TCP Checks, Results, and Timing Out in Rust
For the Ogmi project, one area I’ve been working on is ingesting and processing historical financial data from DTN IQFeed. I’ve been using this as an opportunity to both learn Rust, and take advantage of its fast performance, as the code I was previously relying on in Python is often extremely slow, in some cases to the point of being practically unusable.
I’m bundling most of the production bits in Docker containers, of course, and leaning on Hashicorp Nomad for orchestration, as I found Kubernetes a bit too heavyweight at the moment. I know all too well the care and feeding that goes into a proper Kubernetes deployment, and even with the availability of managed services, it was just a bit too much YAML wrangling for me. I much prefer the modularity of the Hashi stack, and the look and formattable nature of HCL.
One thing that Nomad offers is health checks that will reschedule the app if they are failed, and I wanted to put together such a check in Rust for the IQFeed gateway, which sometimes will decide to stop working due to the quirkiness of the way it’s deployed. Here’s what I’ve come up with on the Rust side.

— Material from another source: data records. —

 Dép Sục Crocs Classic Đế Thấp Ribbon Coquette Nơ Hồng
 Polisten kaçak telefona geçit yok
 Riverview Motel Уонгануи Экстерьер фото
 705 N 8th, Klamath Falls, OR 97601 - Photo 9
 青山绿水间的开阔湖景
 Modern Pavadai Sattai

I’ll probably talk about Nomad config in another post sometime.
Multi-threading in Rust for Health Checks
To my Rust CLI, I decided to add a simple cmd check
subcommand that would try to talk to IQFeed, return 0 if everything looks healthy, and 2 otherwise. In Nomad, exit code 1 indicates a “warning” status for the health check, and any other non-zero exit value will indicate an unhealthy alloc.

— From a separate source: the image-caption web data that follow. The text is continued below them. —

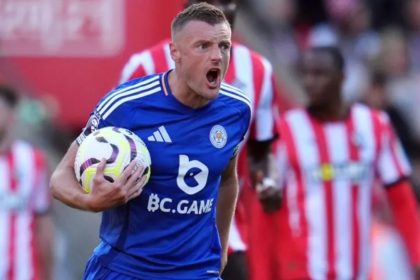 Leicester City striker Jamie Vardy celebrates after equalising against Southampton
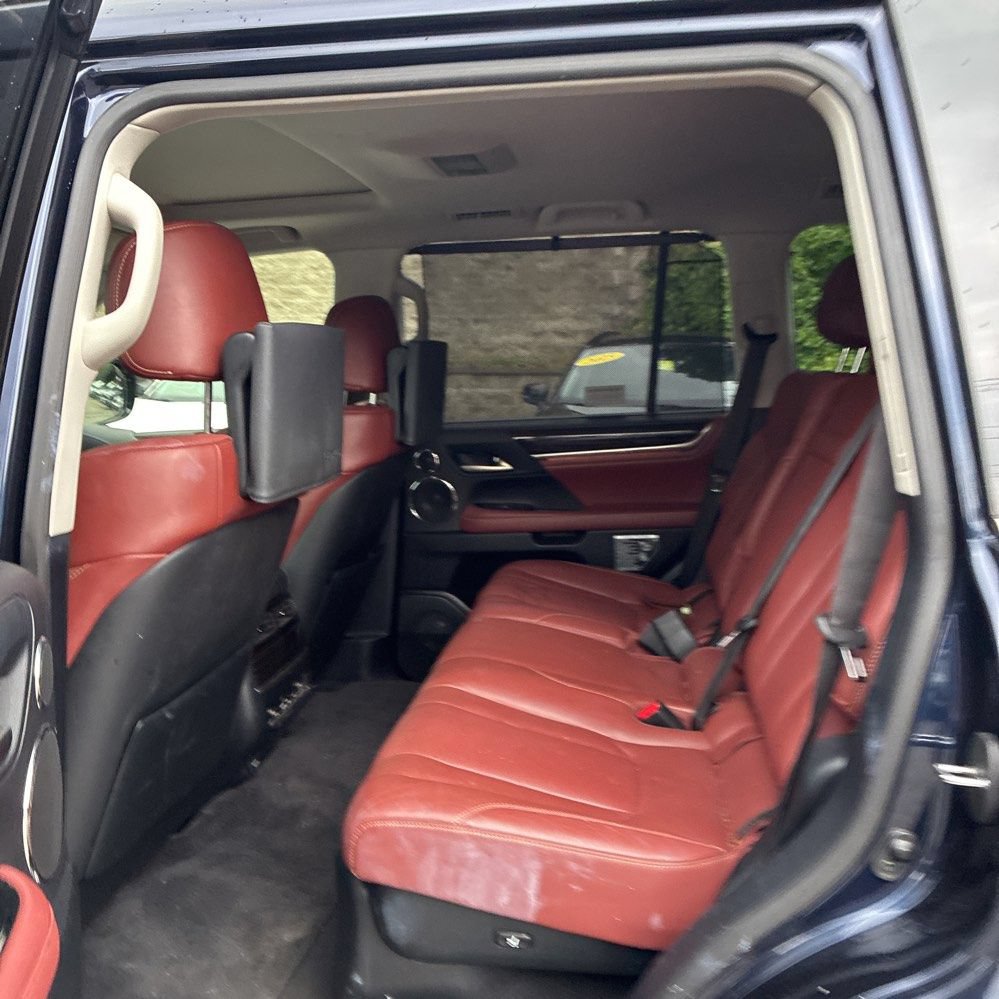 Used 2019 Lexus LX 570 4WD w/ Luxury Package image 13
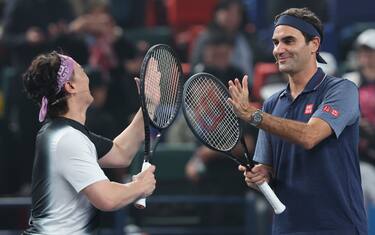 Federer ritorna in campo: l'esibizione a Shanghai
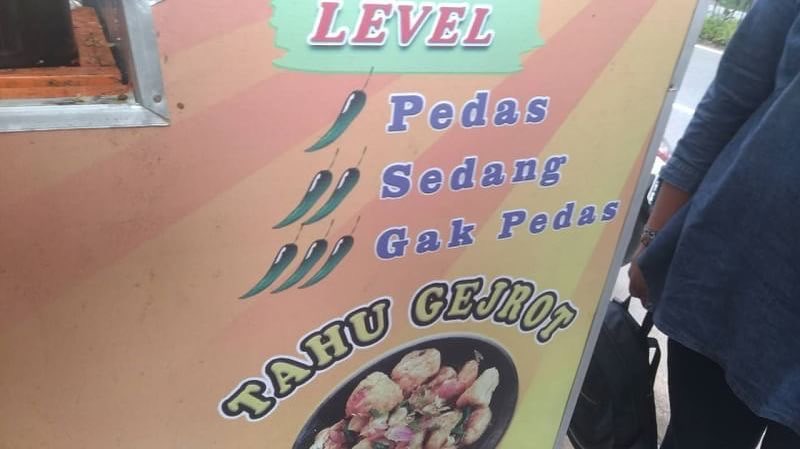 Bukannya Kasih Petunjuk, 17 Spanduk dan Tulisan ini Malah Bikin yang Baca Kebingungan. Ngelawak nih~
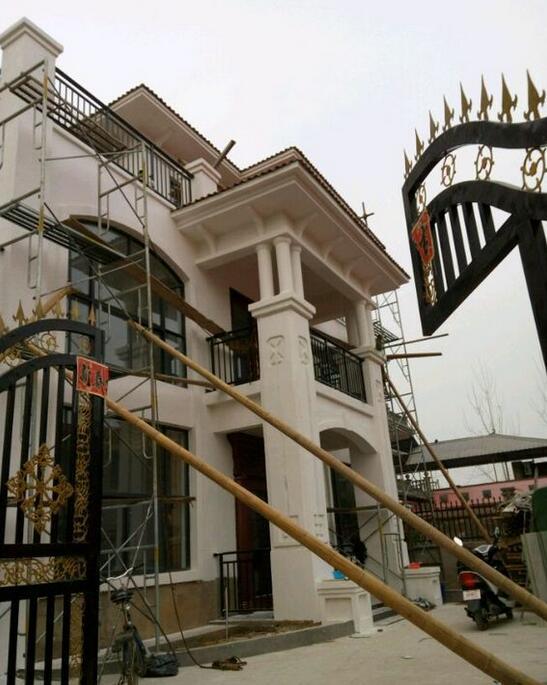 這農村自建房建出來，效果和布局引來全村人效仿！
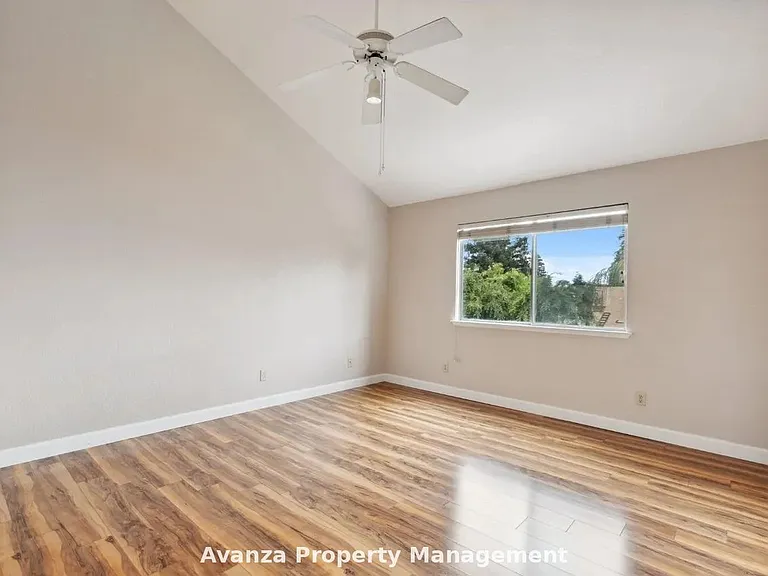 4129 W Regency Ave — Photo 17
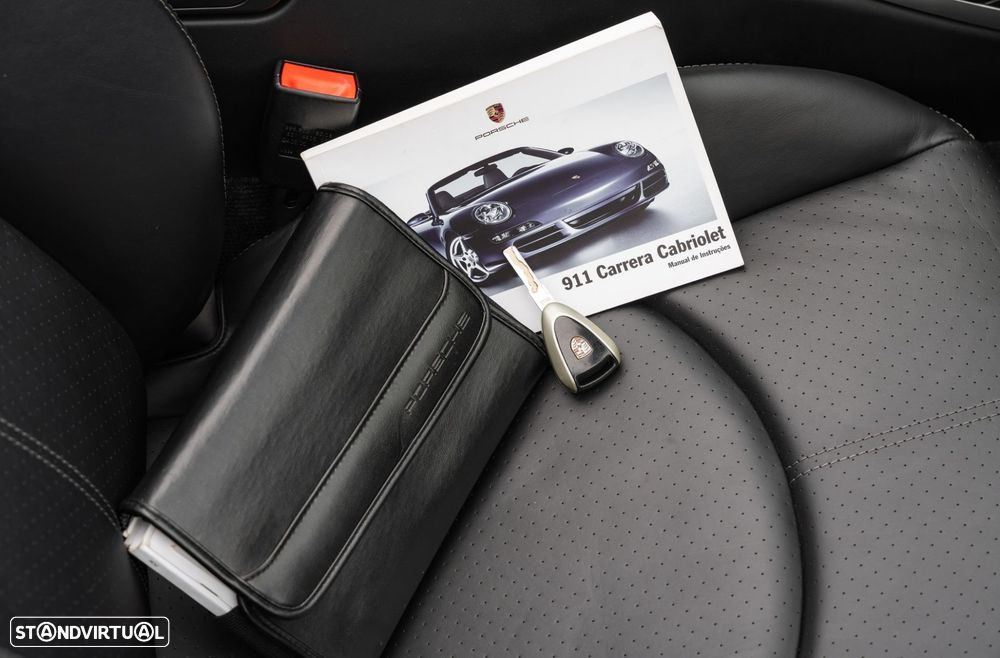 Porsche 911 Série F - 18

As per usual, there are a few states I wanted to make sure to cover. For instance, what if something is up on the IQFeed port but it’s not the correct API? This actually happened on my desktop when installing some new Logitech software. What if something is up, but for one reason or another, the port just hangs and never writes back the client? A timeout would be an essential ingredient, so I had to learn how to handle timeouts in Rust.

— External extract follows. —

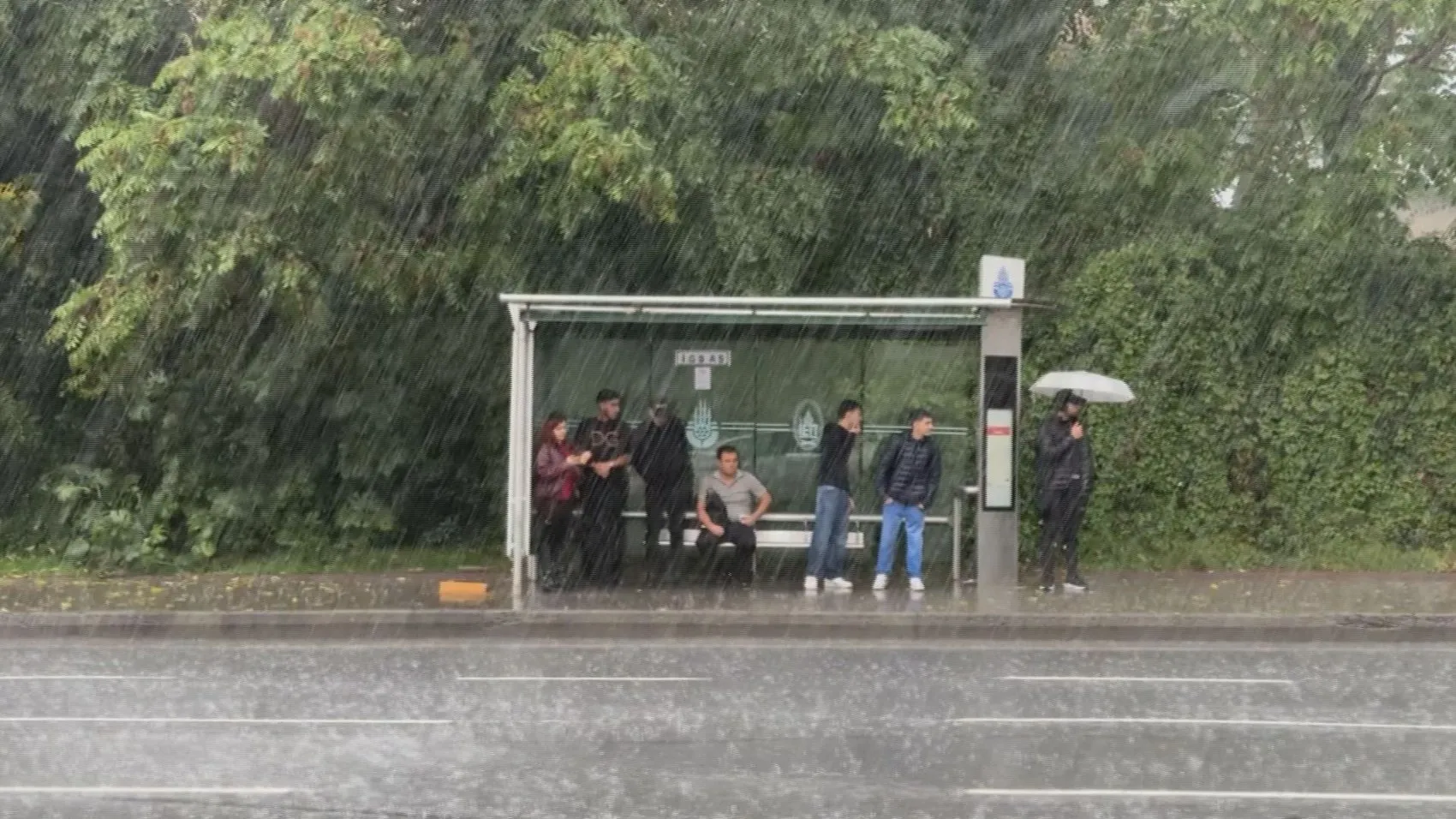 İstanbul'da aniden bastıran sağanak hayatı felç etti: Yollar göle döndü, sürücüler çaresiz kaldı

Rust has a few constructs you can leverage when it comes to concurrency and parallelism, and one of the most natural feeling for a Go programmer such as myself is message passing. Lucky for me, for the question of timing out on some operation, Stack Overflow came to the rescue and I had a good jumping off point.
For starters, we want to create a channel, which will have a Sender<T>
and Receiver<T>
on either side. In our case, we’ll pass a Result<Error>
around on this channel. We’ll generate two threads, one for the timeout, and one for the attempted health check, and send a message to indicate whether there was a success, a failure, or a timeout.
Message Passing
For our function, we’ll return i32
for easy passing to std::process::exit
.
fn check_iqfeed_health() -> i32 {
Rust is picky about how memory is borrowed and shared, so when we create our sender, we have to also clone it to get a new version for the timeout thread.
let (sender, receiver) = mpsc::channel();
let timeout_sender = sender.clone();
A thread for TCP streaming
After that, we’ll spawn our first thread where the actual check happens. A closure will define what happens in that thread.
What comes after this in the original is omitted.